> **Records shown**:
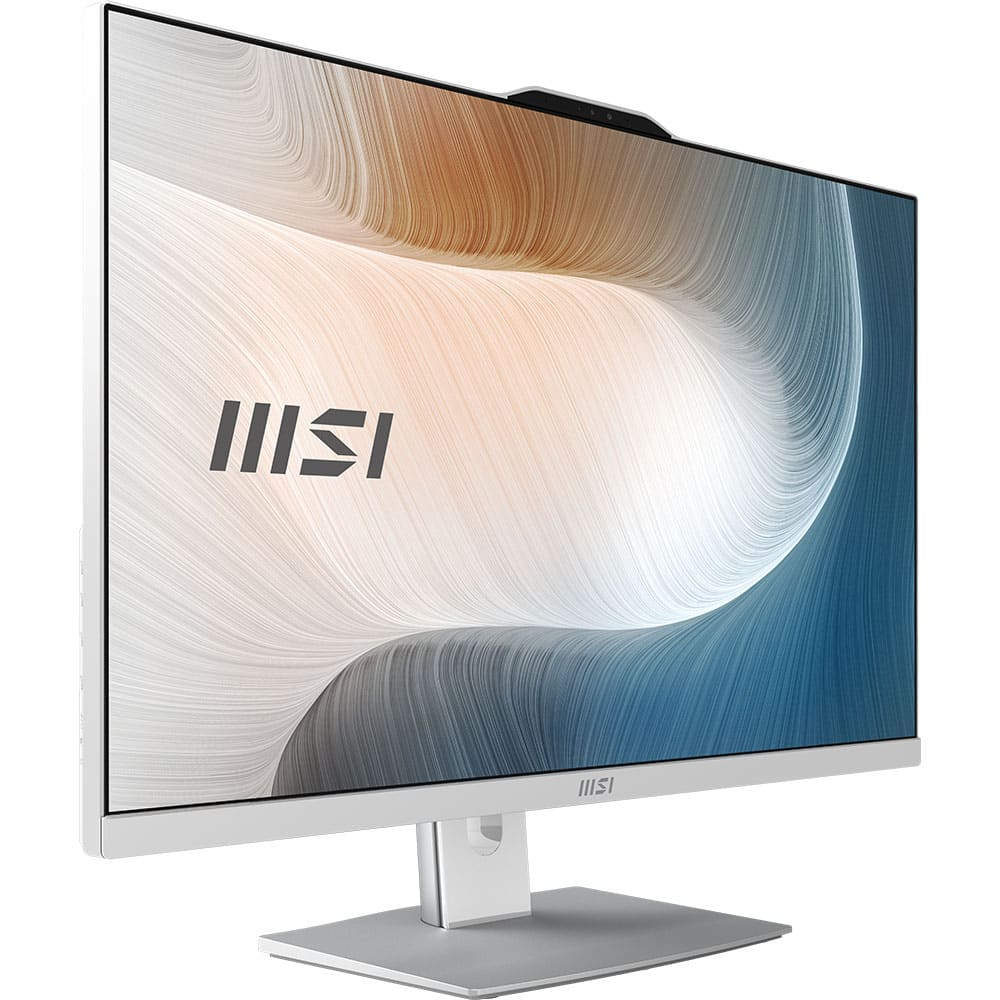 MSI Modern AM272P 12M-1201TR i5-1235U 16 GB 512 GB 27 inç Windows 11 Home All In One Bilgisayar Beyaz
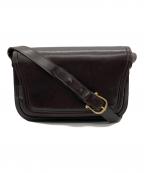 CELINEセリーヌ）の古着「サルキー セミショルダーバッグ」｜ブラウン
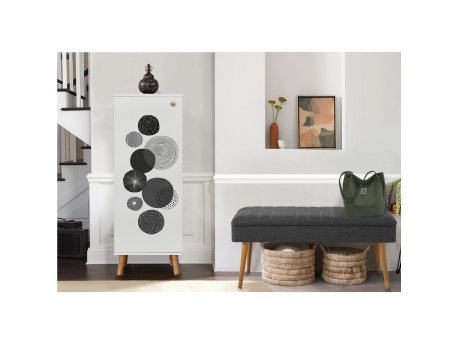 HANAH HOME Set nameštaja za hodnik Vegas White 941 1053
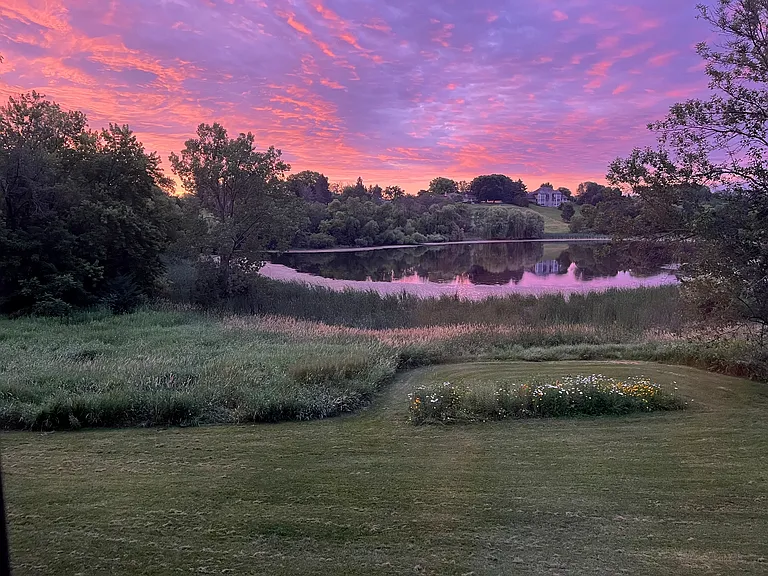 Sunrise on the 4th of July
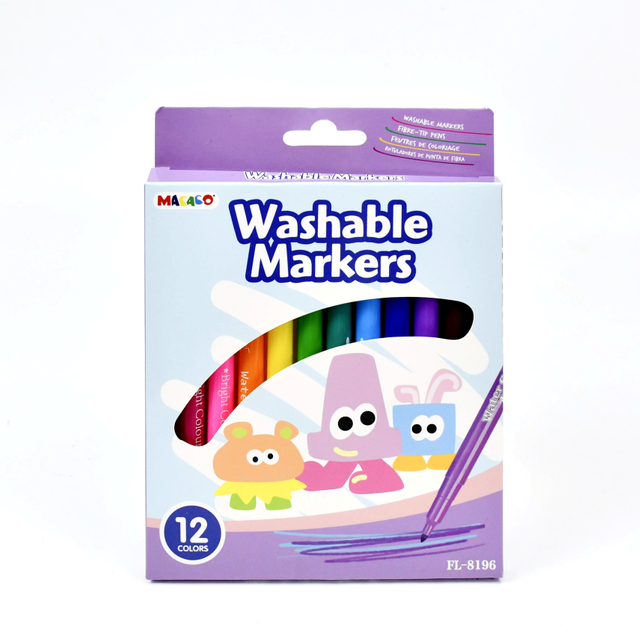 #8196W Water color pen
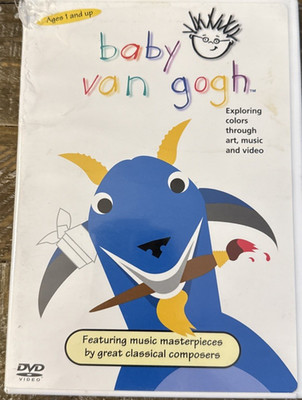 Baby Einstein Baby Van Gogh DVD-Rare
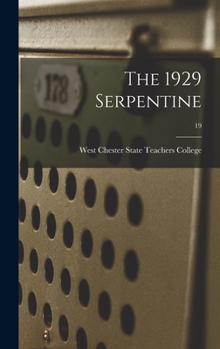 Hardcover The 1929 Serpentine; 19 Book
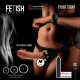 FETISH SUBMISSIVE CYBER STRAP ARNES CON DILDO Y BALA CONTROL REMOTO TECNOLOGIA WATCHME M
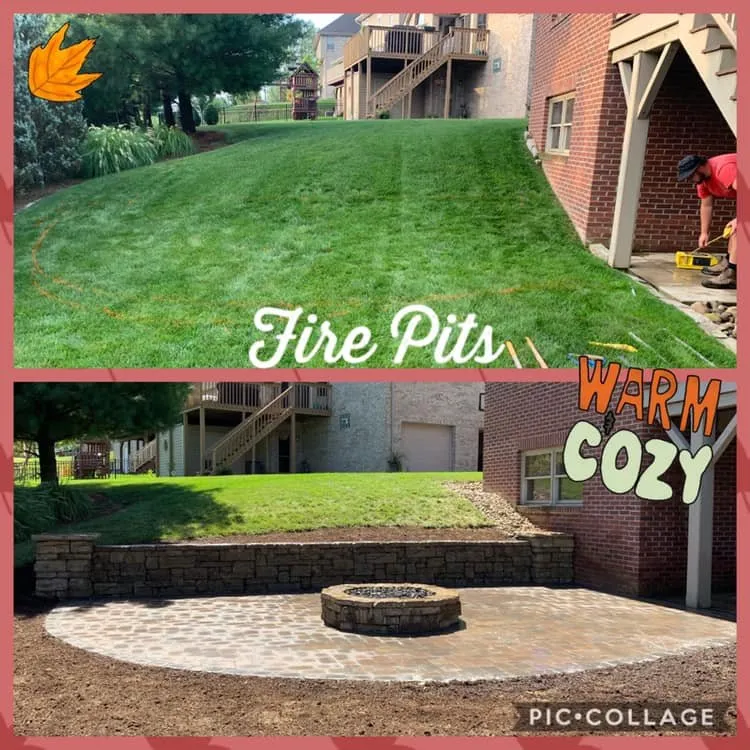 Expert garden landscaping with custom design in Pittsburgh, PA by Quality Landscapes and Hardscapes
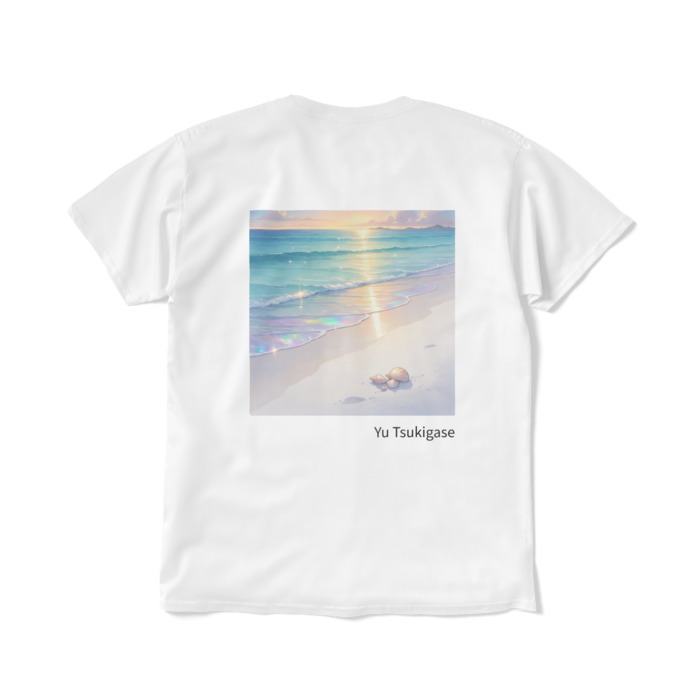 Tシャツ（短納期） - L - ホワイト(1)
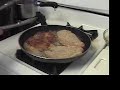 chicken parmesan Italian food cooking tutorial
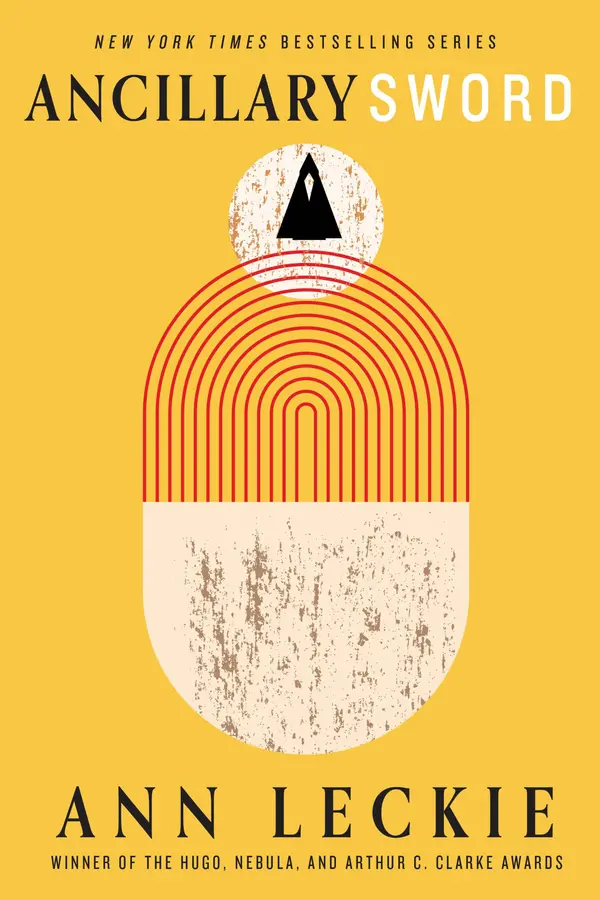 Ancillary Sword by Ann Leckie cover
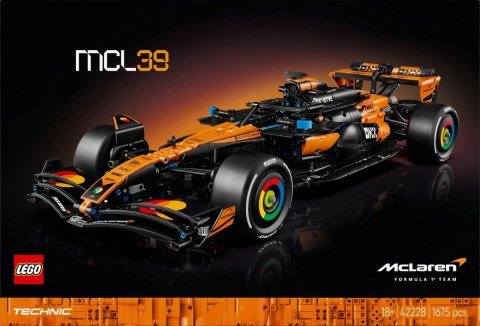 Klocki Technic 42228 Bolid F1 McLaren MCL39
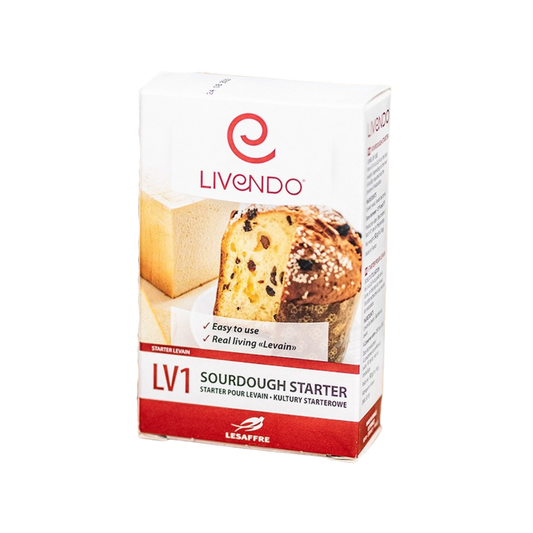 Livendo Sourdough Starter LV1 50g (5 x 10g Sachet)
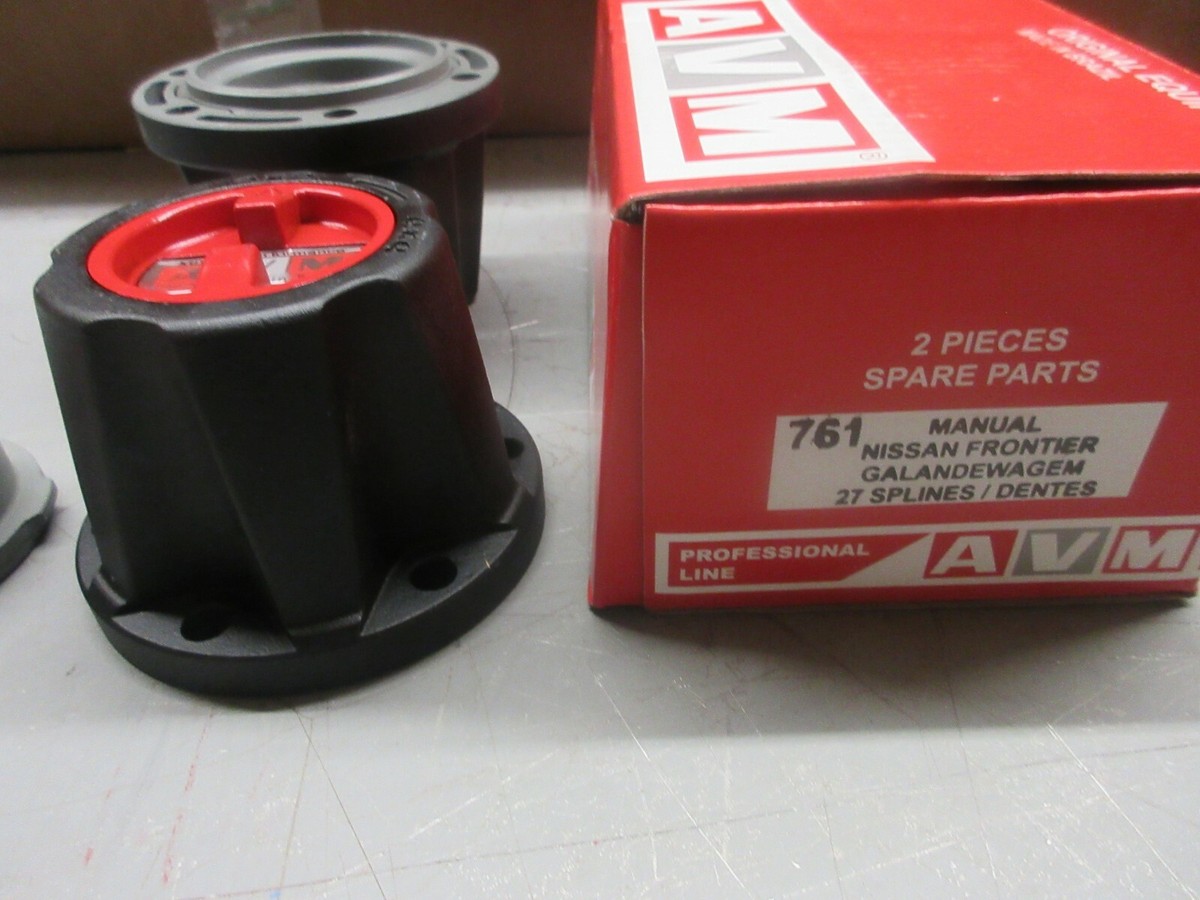 ロキソンボーイ④ AVM 761 locking hubs fits Nissan Frontier pathfinder Xterra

> **About this task**:
Using the records above, output their complete text exactly, minus any images.

> **Result for this exercise**:
 MSI Modern AM272P 12M-1201TR i5-1235U 16 GB 512 GB 27 inç Windows 11 Home All In One Bilgisayar Beyaz
 CELINEセリーヌ）の古着「サルキー セミショルダーバッグ」｜ブラウン
 HANAH HOME Set nameštaja za hodnik Vegas White 941 1053
 Sunrise on the 4th of July
 #8196W Water color pen
 Baby Einstein Baby Van Gogh DVD-Rare
 Hardcover The 1929 Serpentine; 19 Book
 FETISH SUBMISSIVE CYBER STRAP ARNES CON DILDO Y BALA CONTROL REMOTO TECNOLOGIA WATCHME M
 Expert garden landscaping with custom design in Pittsburgh, PA by Quality Landscapes and Hardscapes
 Tシャツ（短納期） - L - ホワイト(1)
 chicken parmesan Italian food cooking tutorial
 Ancillary Sword by Ann Leckie cover
 Klocki Technic 42228 Bolid F1 McLaren MCL39
 Livendo Sourdough Starter LV1 50g (5 x 10g Sachet)
 ロキソンボーイ④ AVM 761 locking hubs fits Nissan Frontier pathfinder Xterra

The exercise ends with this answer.